* [THE TASK]: Beginning with the line that contains "11T Pro Чохол", repeat each line exactly through the end of the listing below. Pictures stay out.

INFORMATION PROVIDED section start

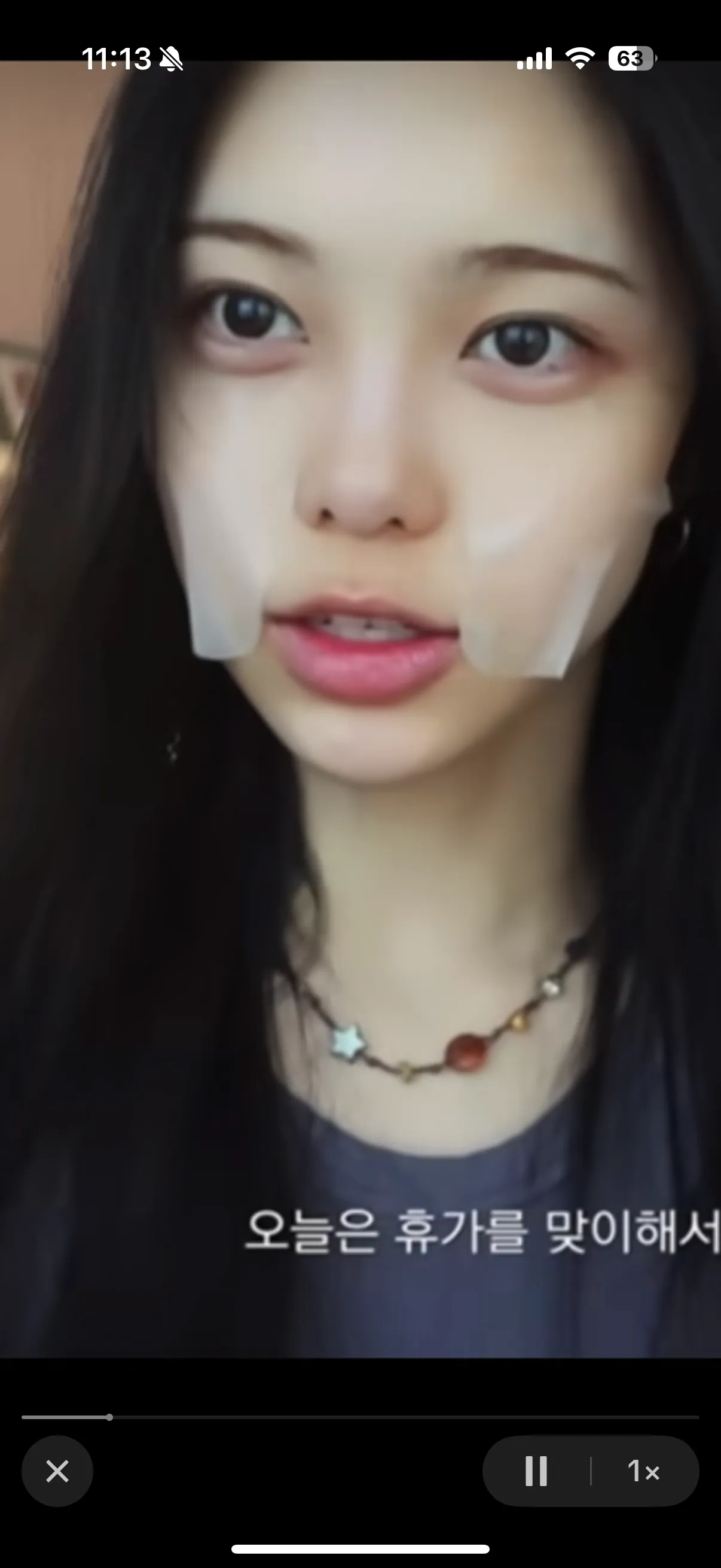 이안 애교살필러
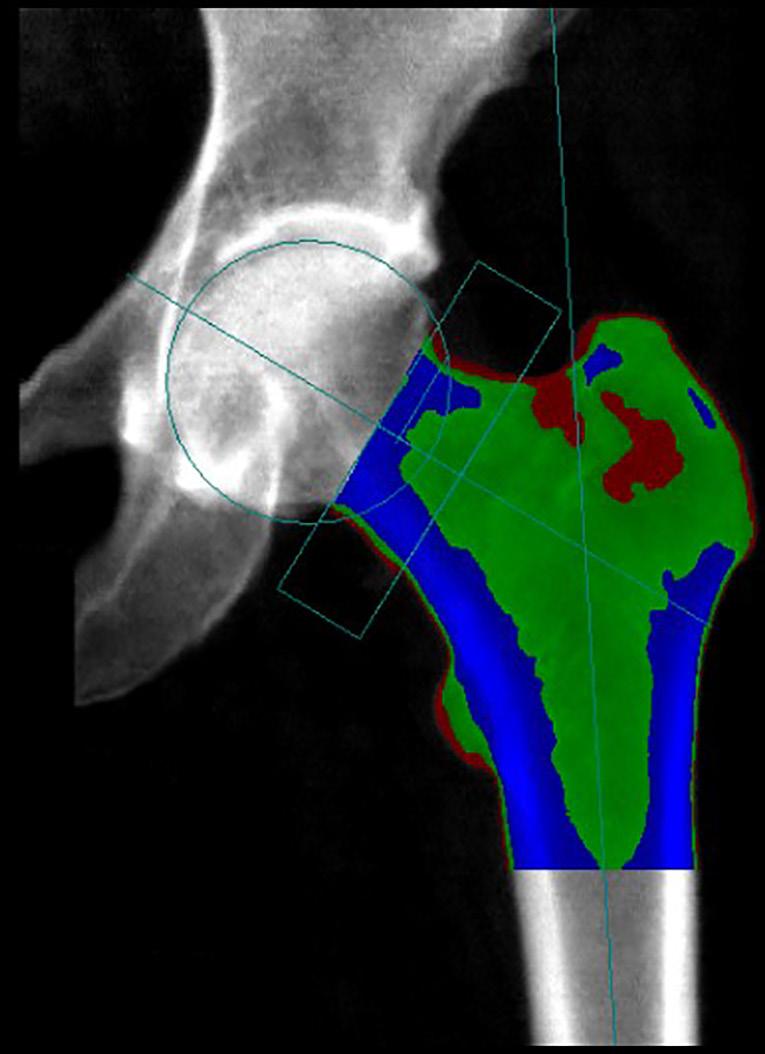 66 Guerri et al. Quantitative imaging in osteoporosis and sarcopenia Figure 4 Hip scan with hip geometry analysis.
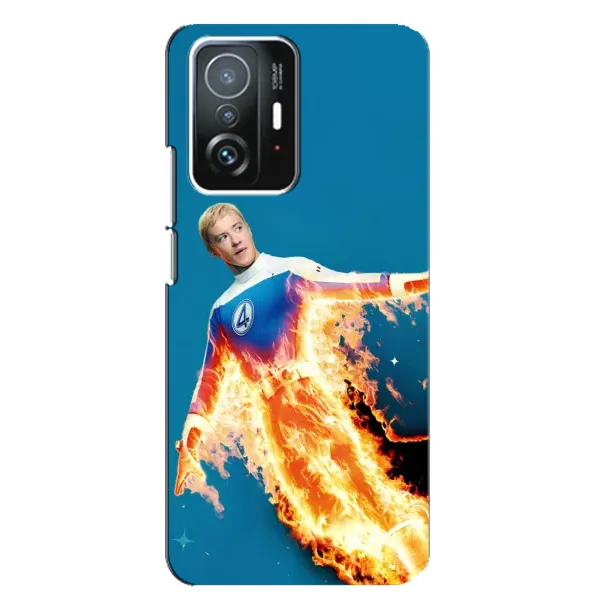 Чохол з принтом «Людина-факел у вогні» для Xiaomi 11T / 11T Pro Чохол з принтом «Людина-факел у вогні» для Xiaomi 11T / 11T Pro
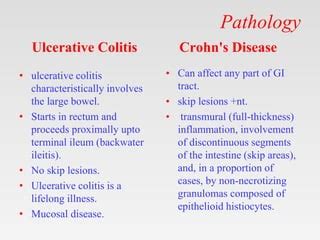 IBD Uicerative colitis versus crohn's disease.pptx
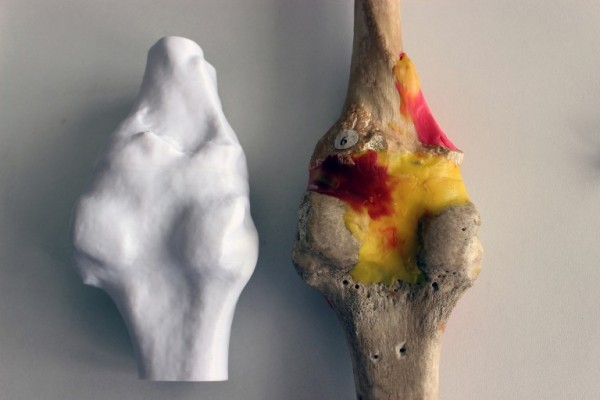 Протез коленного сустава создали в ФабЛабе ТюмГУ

INFORMATION PROVIDED section end

* [SOLUTION TO THIS PROBLEM]:
 Чохол з принтом «Людина-факел у вогні» для Xiaomi 11T / 11T Pro Чохол з принтом «Людина-факел у вогні» для Xiaomi 11T / 11T Pro
 IBD Uicerative colitis versus crohn's disease.pptx
 Протез коленного сустава создали в ФабЛабе ТюмГУ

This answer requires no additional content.